Will Eli Manning Be the Giants’ Starter in 2019? Signs Point to Yes

He’s not what he once was, but when the team’s brain trust looks at what might be available on the quarterback market via the draft, trade or free agency, it’s likely they’ll decide their old warhorse is the best option next year.
Will Eli Manning Be the Giants’ Starter in 2019? Signs Point to Yes
Will Eli Manning Be the Giants’ Starter in 2019? Signs Point to Yes /

Welcome to QB Stock Watch. This is the fourth in our series analyzing some of the league’s most difficult, and intriguing, quarterback decisions to be made for 2019 and beyond.

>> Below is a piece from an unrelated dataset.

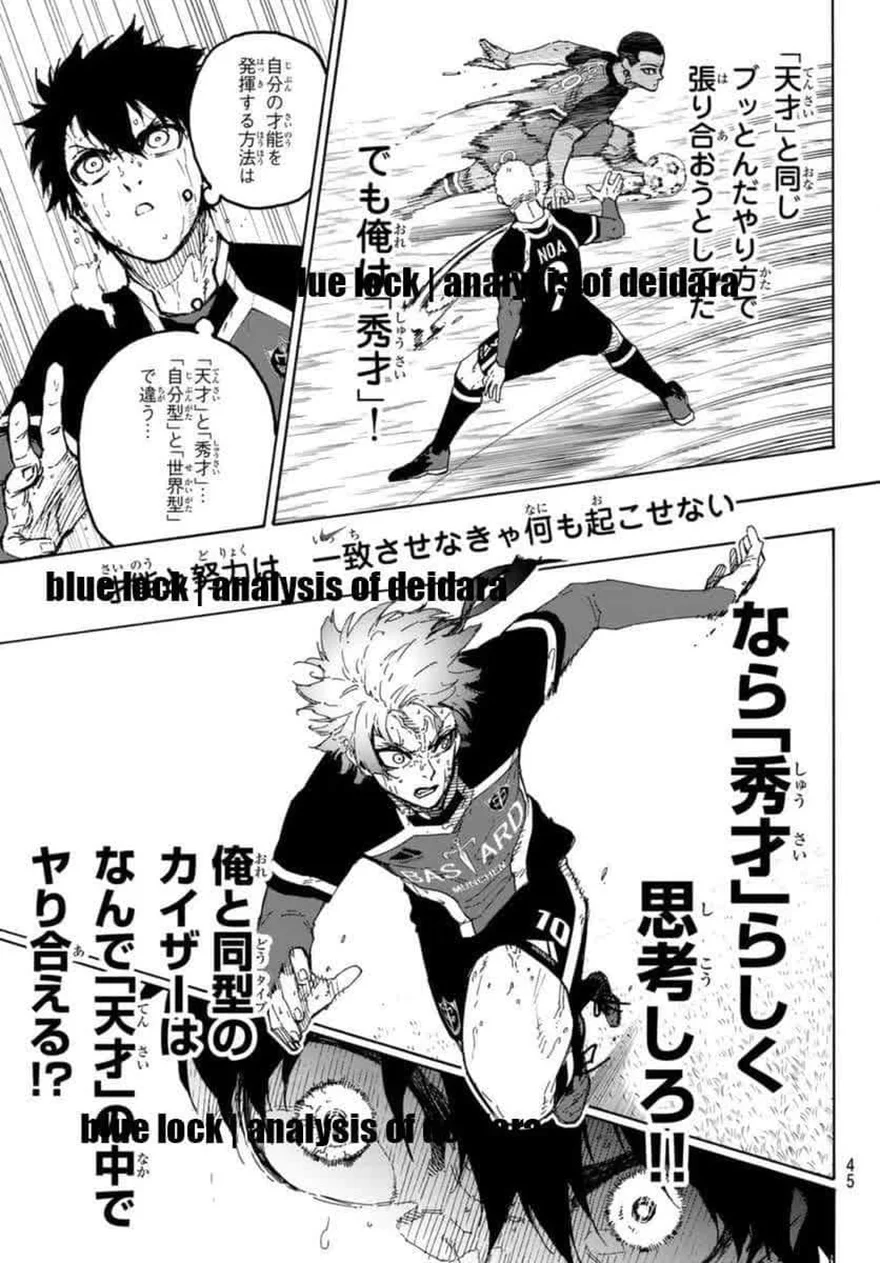 Spoiler Blue Lock chap 282: Thức tỉnh!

Team: New York Giants (4-8)

Current contract situation: Manning is in the third year of a four-year, $84 million deal signed in 2015. Perhaps one of the main reasons why discussion of a Manning divorce has been so verboten in East Rutherford is the fact that his dead cap numbers have been prohibitive: $80 million in 2015, $42.3 million in 2016, $32.1 million in 2017 and $28.4 million this season. All eyes are on next year—the final year of Manning’s deal—which the Giants can get out of for a mere $6.2 million. Despite Manning’s relative affordability, you have to think of him like a home you’ve lived in for years. There isn’t much left on the mortgage, and you could stay for one more year before exploring other options. Or, you take a little hit in a down market because you simply can’t stand the old carpets and curtains anymore. It all depends on the question we’ve been asking ourselves for the last calendar year: What else is out there? And, more specifically, what do the Giants think of what else is out there?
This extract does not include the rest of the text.